We headed even further north, to the rice fields at Tegalalang which were impressive even in an overcast day before driving through the torrential floods up towards the volcanoes at Bromo. Unfortunately when driving up through the mountains it became apparent we were not going to see a thing so we had to turn back, but we did however get to stop off at a small natural Lagoon which overlooks the mountains (when you can actually see more than the bottom 10 feet of them). Disappointed but not yet defeated, I really wanted to visit a humane Kopi Luwak centre which are located in the North of Bali, and purchase some of the ridiculously overpriced coffee from them. For those that want to know more about Luwak coffee please click here.
We managed to find a beautiful Spa resort where the civet cats are not force fed or forced to live in cages for our pretentiousness. Apparently the place is one of the best Infinity pools in the world…. and we could see why, unfortunately (again) our view was restricted because of the stupid weather but it was pretty breathtaking. We treated ourselves to some food and purchased our (crap) coffee and cried in the car as we could never afford a night in this place, I even tried to eat the napkins just in case some food spilled onto it.
We drove all around the eastern region of the island and made a couple trips south towards the tourist resorts before we packed up and headed there to stay. On our last night we dropped the car off on a torrential rainy day and picked up a couple tickets to see the local fire dance show at the nearby temple, unfortunately, when we all sat down in the open air setting there was no way that fire would prevail so we marched a few hundred metres down the road with the cast and sat in an old abandoned school.

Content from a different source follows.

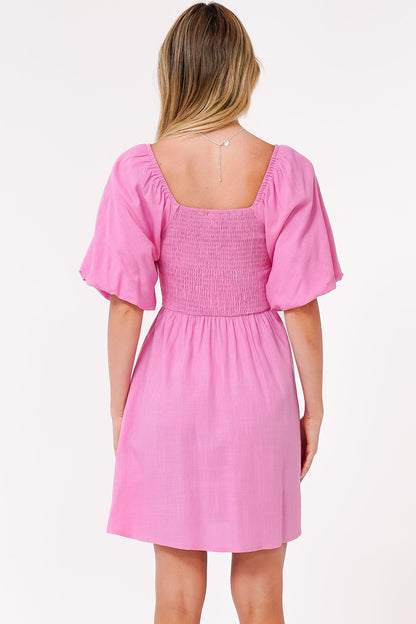 Justina Mini Dress - V-Neck Gathered Bodise On or Off Shoulder Mini Dress in Pink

The story of Rama and Sita was pretty good and the guys done a brilliant job of it. It was only when leaving the show did we look at our watches and had completely lost track of time. It was the early hours of the morning, completely pouring down and we had just handed our wheels back (our new destination was an hour drive south). We took refuge in a restaurant nearby while we tried to hunt down a taxi but it was too late and too far away for most drivers so we took to the streets and i tried to sell myself. When that didn’t work we finally haggled a taxi to take us (for double the money a normal fare) but he pretty much had us over a barrel, compared to some of the figures quoted he was still pretty cheap.
Miss Megan certainly did not have the umbrella out with the tap dancing shoes swinging from the lampposts that night, but we got her to our Air bnb apartment in Kuta where we were staying for the next couple weeks safe and sound.
Useful Phrases: Salamat (Hello) Terima Kasih (Thank you) Apa Kabar (How are you?)
Free stuff to do: Go a hike up the mountains – If you’re the adventurous type, Bali’s mountains are free to climb but the more gruelling ones such as Mount Agung (It’s about to erupt so maybe avoid it at the minute) and Batukaru, two of the island’s highest, usually require an acknowledgement or permit from the local village community organisation or the forestry department (for safety issues). Watch the Master craftsmen – Make your stop at any of Bali’s major art markets where you can find stall after stall of arts and crafts, curios of different shapes and sizes. Then consider how they are made. A visit to any of Bali’s artistic villages and communities of craftsmen, such as the Pakudui village in Tegallalang, or the gold and silversmith communities of Celuk and Mas, south of Ubud, can be eye-opening where you can see how woodcarvers shape intricate Garuda statues, or how silversmiths craft gemstones into their shiny and sophisticated jewellery pieces.